Aim of the exercise: Reproduce every line of the listing as written, apart from the pictures.

Available records:

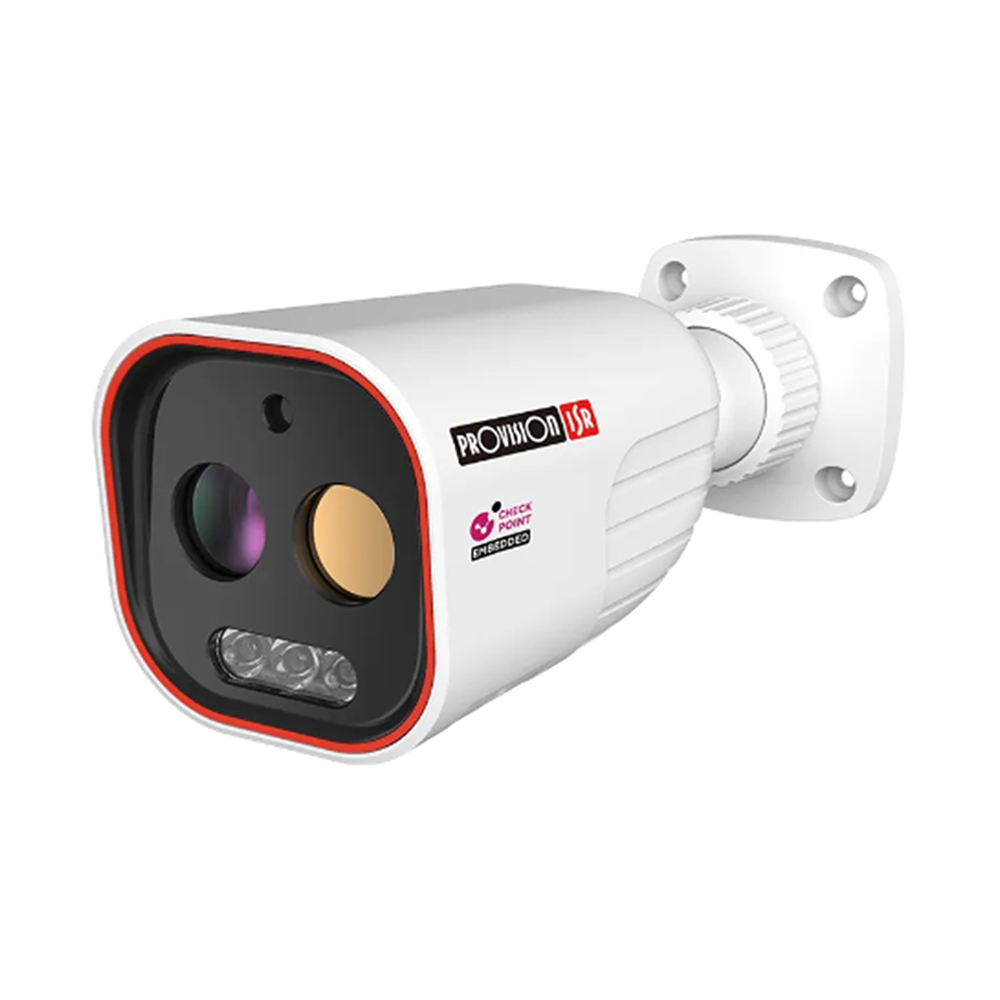 This image for Image Layouts addon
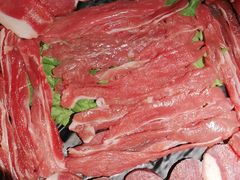 -井格重庆火锅(新世纪店)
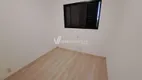 Foto 14 de Apartamento com 2 Quartos à venda, 60m² em Taquaral, Campinas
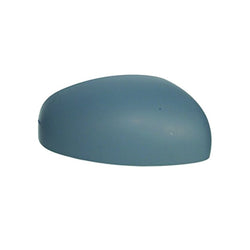 Calotta retrovisore destro con primer, compatibile con SKODA ROOMSTER dal 05/2010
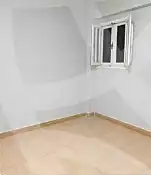https://aqarmap.com.eg/en/listing/7030438-for-sale-alexandria-lsywf-el-falki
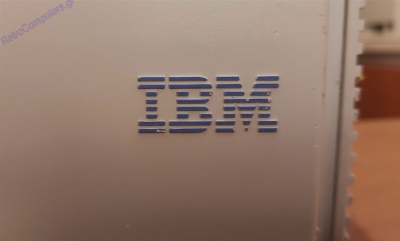 PC - IBM Aptiva 258 (AMD K6-2)_2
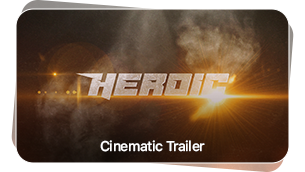 Cinematic-Trailer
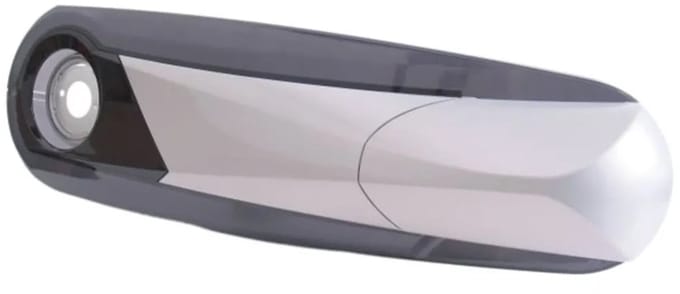 Falkx CB-07-04-A Kettingkast Mirada 28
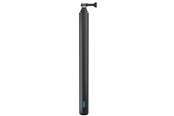 Actionkamera  - Tilbehør - GoPro support system - shooting grip / extension pole - carbon fibre 2.7 m - AGXTM-002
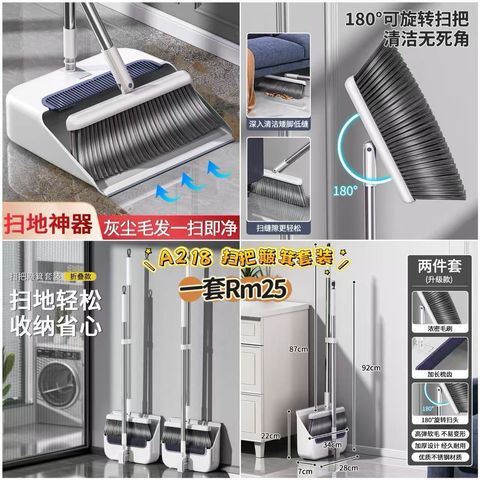 image_2FB8961A-01C2-4DE0-AEEC-1A362788D2B3_1773123038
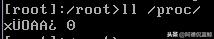 redhatlinux系统安装mysql,linuxfstab开机取消自动挂载光驱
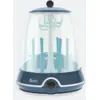 Dampfsterilisator Turbo Plus online kaufen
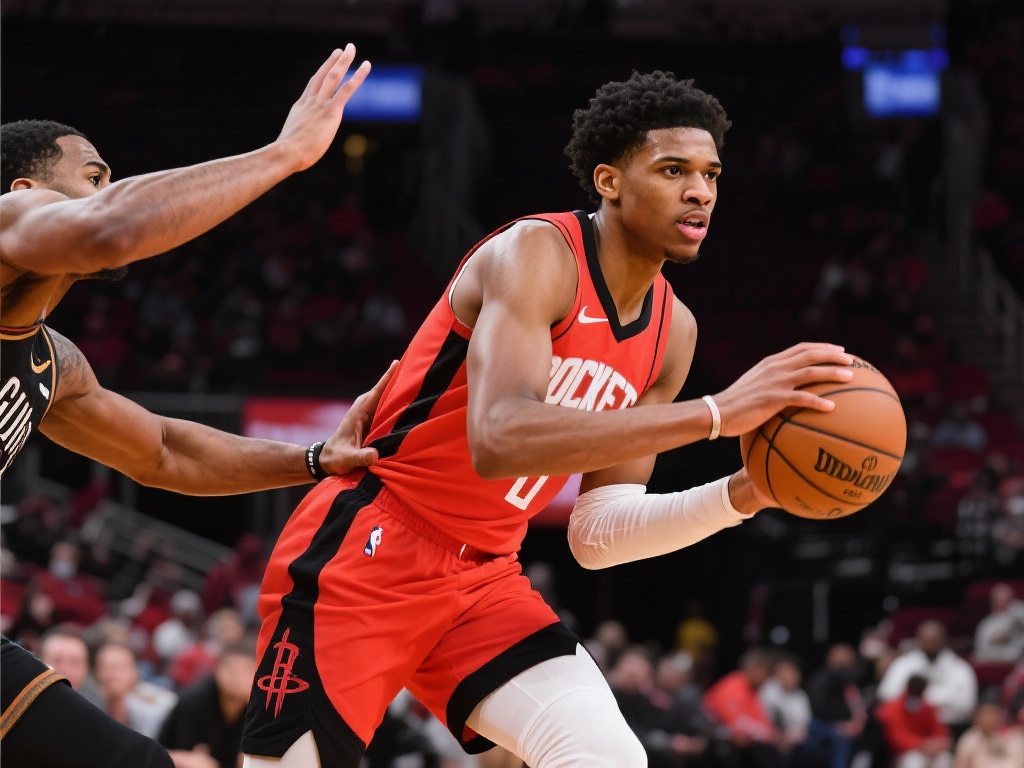 做出灵活应 做出灵活应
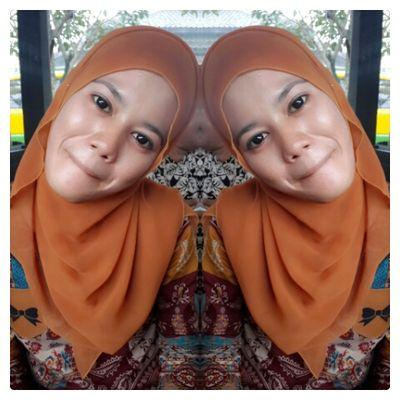 Path : Dita S N , Ig : ditasningrum , Line : ditasningrum. Allah is my destiny :* RNFSAMT :* {}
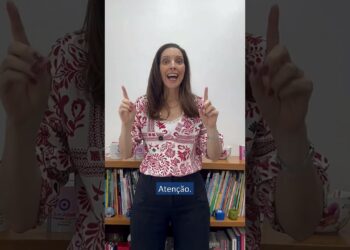 Como usar FOR e DURING SEM ERRAR MAIS!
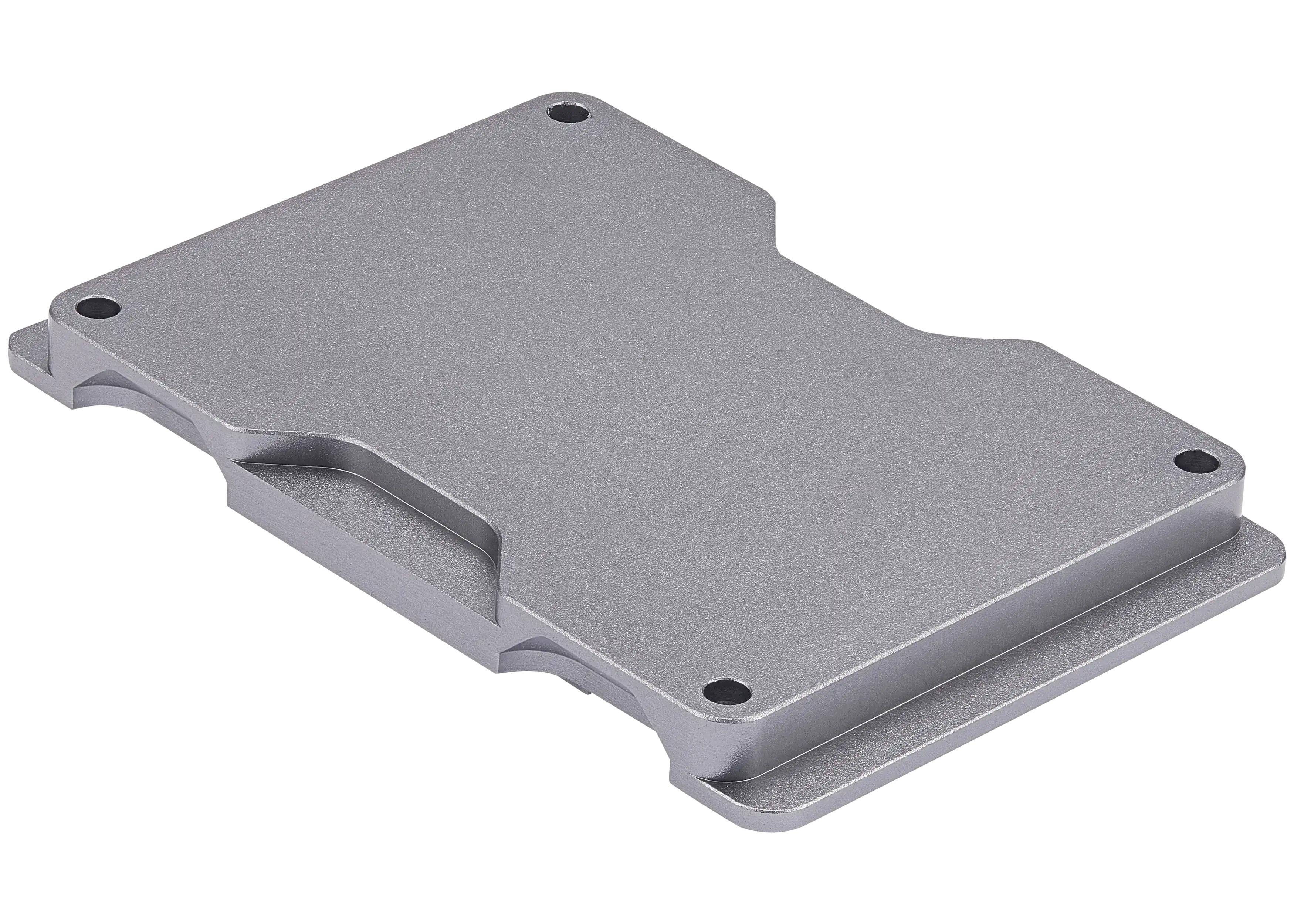 Preheating module for X360II for iPhone 14 / 14 Plus / 14 Pro / 14 Pro Max (XinZhiZao)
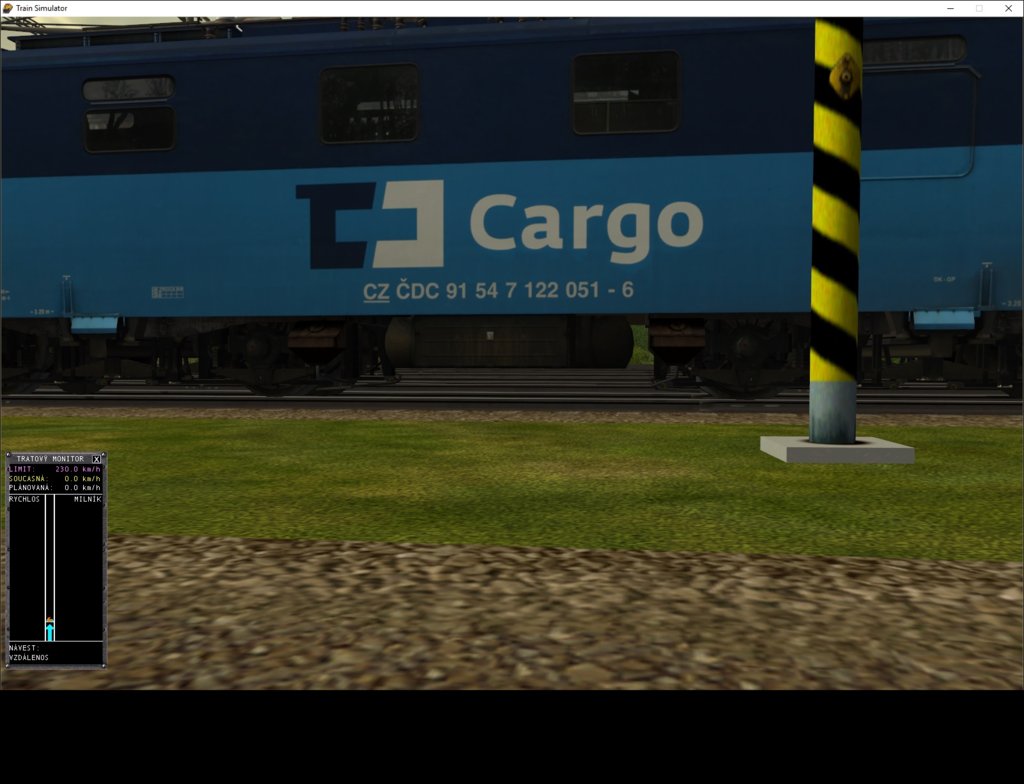 MSTS vyska koleji.jpg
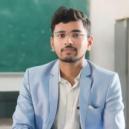 Suryamani Sahoo Home Tutors trainer in Nayagarh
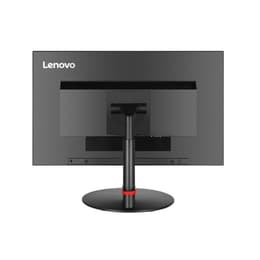 Monitor 23.8" CLD QHD Lenovo ThinkVision P24q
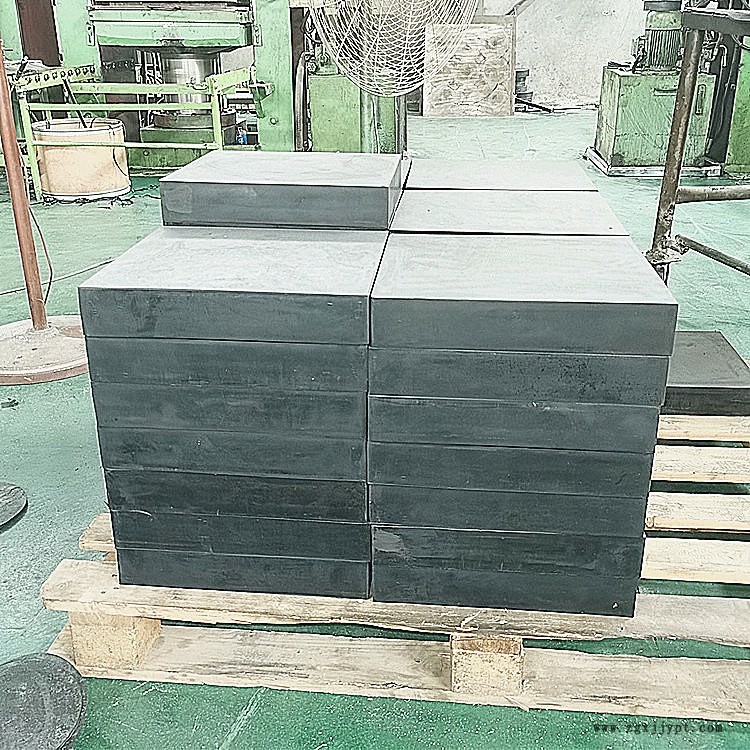 咸陽(yáng)永壽縣橋梁板式橡膠支座_板式橡膠支座尺寸表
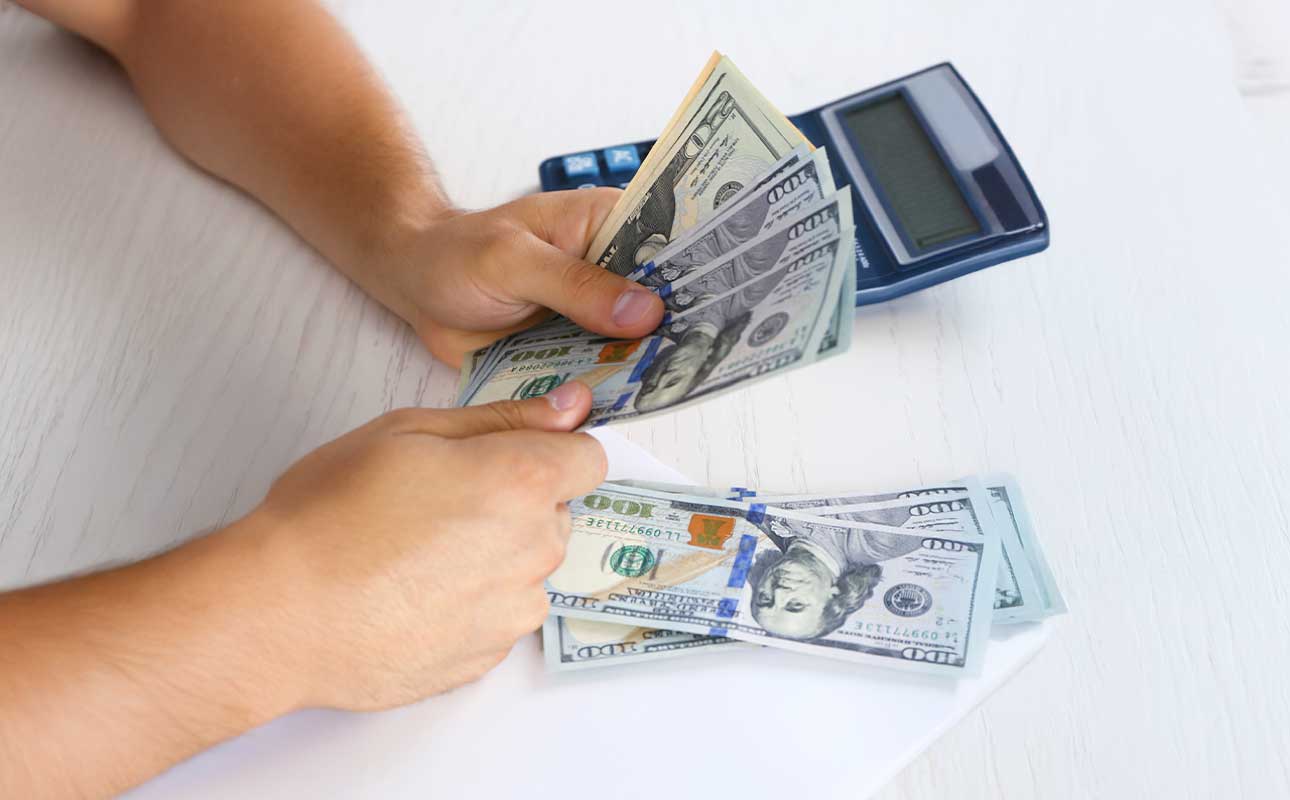 Ilustración 5 lecciones aplicables en finanzas - AirPak El Salvador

Your response:
 This image for Image Layouts addon
 -井格重庆火锅(新世纪店)
 Foto 14 de Apartamento com 2 Quartos à venda, 60m² em Taquaral, Campinas
 Calotta retrovisore destro con primer, compatibile con SKODA ROOMSTER dal 05/2010
https://aqarmap.com.eg/en/listing/7030438-for-sale-alexandria-lsywf-el-falki
 PC - IBM Aptiva 258 (AMD K6-2)_2
 Cinematic-Trailer
 Falkx CB-07-04-A Kettingkast Mirada 28
 Actionkamera  - Tilbehør - GoPro support system - shooting grip / extension pole - carbon fibre 2.7 m - AGXTM-002
 image_2FB8961A-01C2-4DE0-AEEC-1A362788D2B3_1773123038
 redhatlinux系统安装mysql,linuxfstab开机取消自动挂载光驱
 Dampfsterilisator Turbo Plus online kaufen
 做出灵活应 做出灵活应
 Path : Dita S N , Ig : ditasningrum , Line : ditasningrum. Allah is my destiny :* RNFSAMT :* {}
 Como usar FOR e DURING SEM ERRAR MAIS!
 Preheating module for X360II for iPhone 14 / 14 Plus / 14 Pro / 14 Pro Max (XinZhiZao)
 MSTS vyska koleji.jpg
 Suryamani Sahoo Home Tutors trainer in Nayagarh
 Monitor 23.8" CLD QHD Lenovo ThinkVision P24q
 咸陽(yáng)永壽縣橋梁板式橡膠支座_板式橡膠支座尺寸表
 Ilustración 5 lecciones aplicables en finanzas - AirPak El Salvador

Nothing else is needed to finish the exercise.